Welcome to Danforth
Danforth Avenue in Toronto, Ontario, Canada was named after Asa Danforth, an American contractor who was commissioned in 1799 to cut the Danforth but didn't actually build it. The Don and Danforth Plank Road Company built Danforth Ave in 1851, connecting it to Broadview Ave and creating a viable route to the more populous surrounding communities down near Queen St East and Kingston Road. With the barriers of the Don Valley and Don River, the Danforth started out as a remote area. It was remembered as "a dusty country road - a sleepy byway that ran through open fields, market gardens, brickyards, scattered houses, the odd church, and occasional hotel or roadhouse, where Torontonians would go for weekend revels." In the early 1790s just north of the Danforth, industries began settling along the east bank of the Don Valley to take advantage of the water power potential of the Don, and later to exploit the valley's rich clay deposits for brick-making purposes.

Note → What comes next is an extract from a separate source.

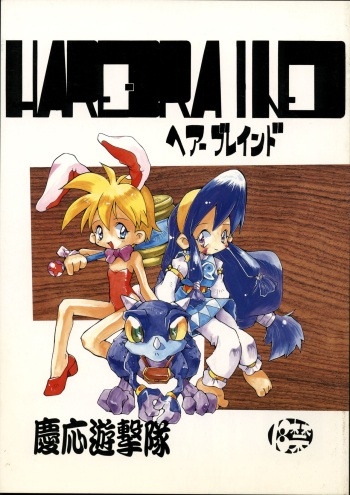 (C51) [Group 601 (Oki Yukao)] Harebrained (Keio Yuugekitai) cover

In the late 1800s, as the City of Toronto grew because of an increasing immigrant population, the City decided in 1884 to annex the previously un-serviced lands south of the Danforth, north of Queen St East and east of the Don to Greenwood. The lands north of the Danforth and east of Donlands Ave, and Chester Village were later annexed to the City of Toronto in 1909.
The Danforth area began to prosper as a result of major transportation improvements that created more access to the area.

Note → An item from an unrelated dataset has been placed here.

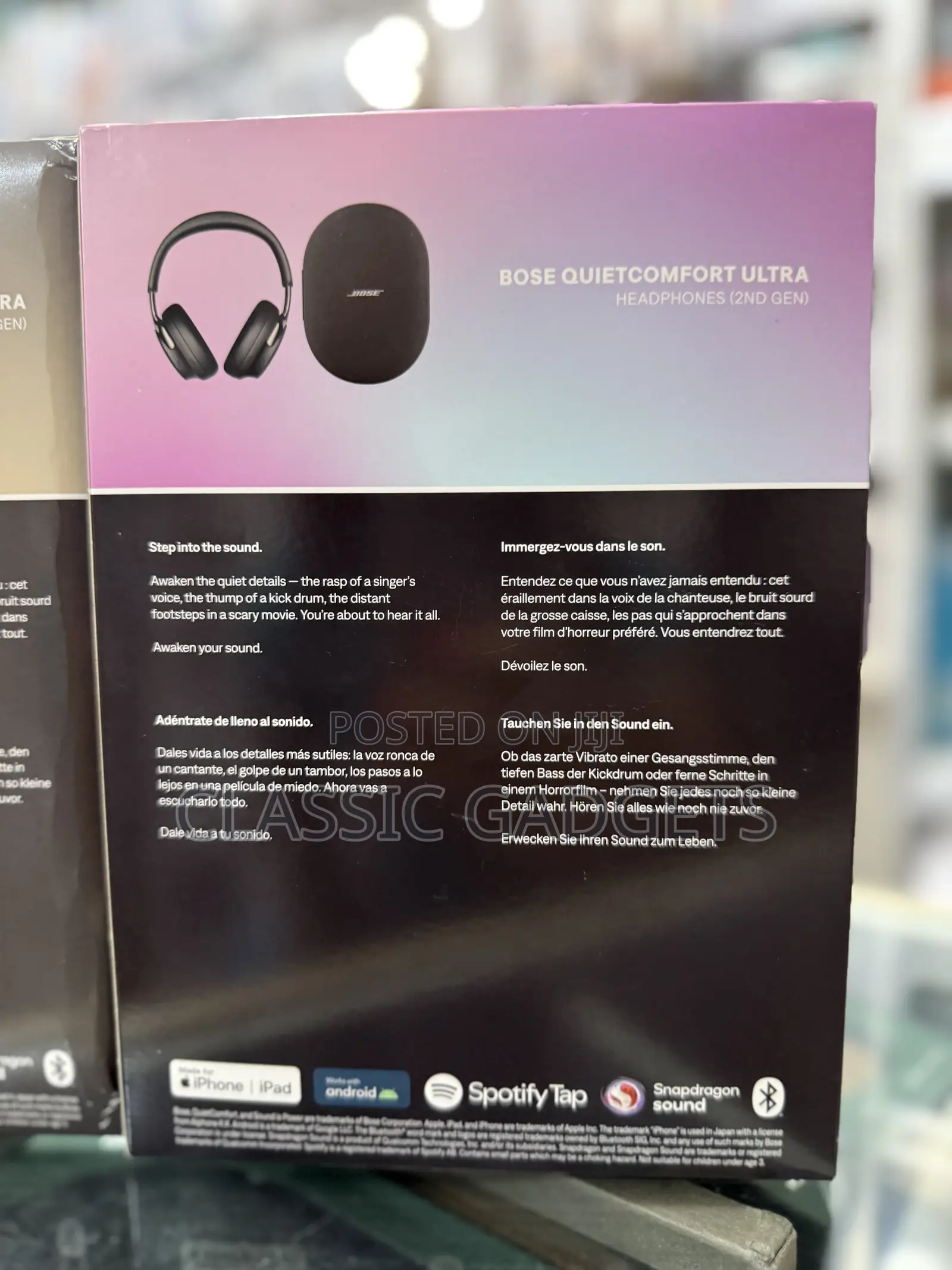 Bose New Quietcomfort Ultra Wireless Headphones (2nd Gen)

In 1888 the Toronto Street Railway established a streetcar line along Broadview Ave from Queen St East to the corner of Danforth Ave and in 1913 the Danforth line of the municipally-owned Toronto Civic Railways began service east of Broadview Ave.
The single most important event in the Danforth's history came in 1919 with the completion of the Bloor Viaduct bridge over the Don Valley, finally connecting the Danforth to the City via Bloor Street.

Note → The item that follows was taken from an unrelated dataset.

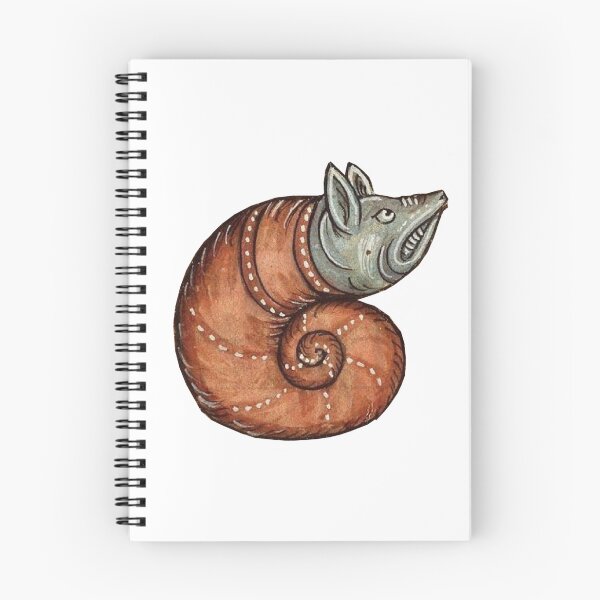 Item preview, Medieval Creature: Strange Snail designed and sold by Demonik-Art.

Initially the bridge was called the Bloor Street Viaduct, but on September 11, 1919 Toronto's City Council unanimously agreed to rename it the Prince Edward Viaduct to honour Edward, Prince of Wales (later King Edward VIII) who had received an enthusiastic welcome a few weeks before on his first visit to Toronto. First inhabitants to the new lower middle-class suburb of Toronto were mainly immigrants from England, Ireland, and Scotland. In the 1950s an influx of Italians came to the area, followed by Greeks and other immigrants in the 1960s. In the mid-1970s second generation Greeks and Italians moved to the outer suburbs, while children of Anglo-Saxon suburbanites, attracted by low real estate prices and closeness to downtown Toronto (the Bloor-Danforth subway line opened in 1966), returned and launched a major wave of home renovations and restoration in the area.